(a) Using Prob. 3.15b (with b = a):
V(x, y)=\frac{4 V_{0}}{\pi} \sum_{n \text { odd }} \frac{\sinh (n \pi x / a) \sin (n \pi y / a)}{n \sinh (n \pi)} .
\sigma(y)=-\left.\epsilon_{0} \frac{\partial V}{\partial x}\right|_{x=0}=-\left.\epsilon_{0} \frac{4 V_{0}}{\pi} \sum_{n \text { odd }}\left(\frac{n \pi}{a}\right) \frac{\cosh (n \pi x / a) \sin (n \pi y / a)}{n \sinh (n \pi)}\right|_{x=0}
=-\frac{4 \epsilon_{0} V_{0}}{a} \sum_{n \text { odd }} \frac{\sin (n \pi y / a)}{\sinh (n \pi)} .
\lambda=\int_{0}^{a} \sigma(y) d y=-\frac{4 \epsilon_{0} V_{0}}{a} \sum_{n \text { odd }} \frac{1}{\sinh (n \pi)} \int_{0}^{a} \sin (n \pi y / a) d y .
But \int_{0}^{a} \sin (n \pi y / a) d y=-\left.\frac{a}{n \pi} \cos (n \pi y / a)\right|_{0} ^{a}=\frac{a}{n \pi}[1-\cos (n \pi)]=\frac{2 a}{n \pi}(\text { since } n \text { is odd }) .
=-\frac{8 \epsilon_{0} V_{0}}{\pi} \sum_{n \text { odd }} \frac{1}{n \sinh (n \pi)}=-\frac{\epsilon_{0} V_{0}}{\pi} \ln 2 .
[Summing the series numerically (using Mathematica) gives 0.0866434, which agrees precisely with ln 2/8. The series can be summed analytically, by manipulation of elliptic integrals—see “Integrals and Series, Vol.

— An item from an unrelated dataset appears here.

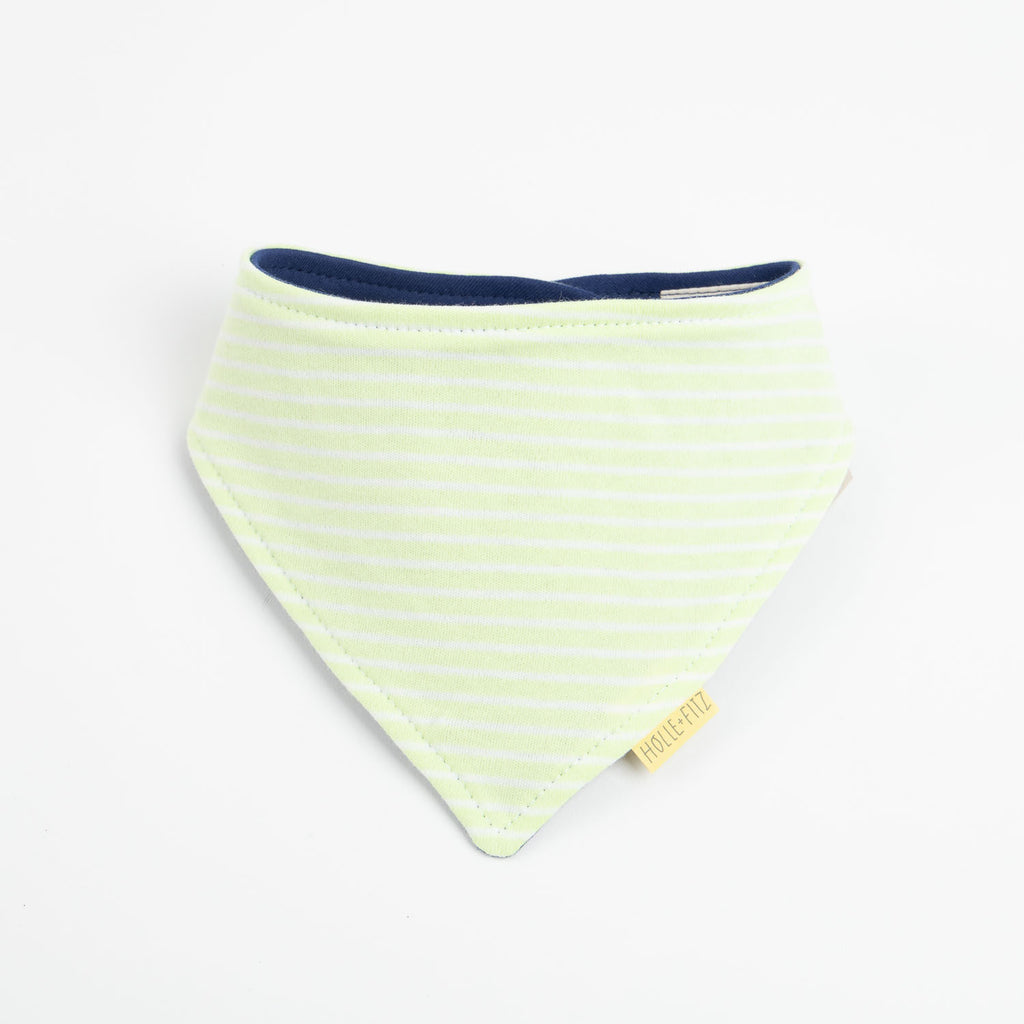 Halstuch – Jersey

I: Elementary Functions,” by A. P. Prudnikov, Yu. A. Brychkov, and O. I. Marichev (Gordon and Breach, New York, 1986), p. 721. I thank Ram Valluri for calling this to my attention.]
Using Prob. 3.54 (with b = a/2):
V(x, y)=V_{0}\left[\frac{y}{a}+\frac{2}{\pi} \sum_{n} \frac{(-1)^{n} \cosh (n \pi x / a) \sin (n \pi y / a)}{n \cosh (n \pi / 2)}\right] .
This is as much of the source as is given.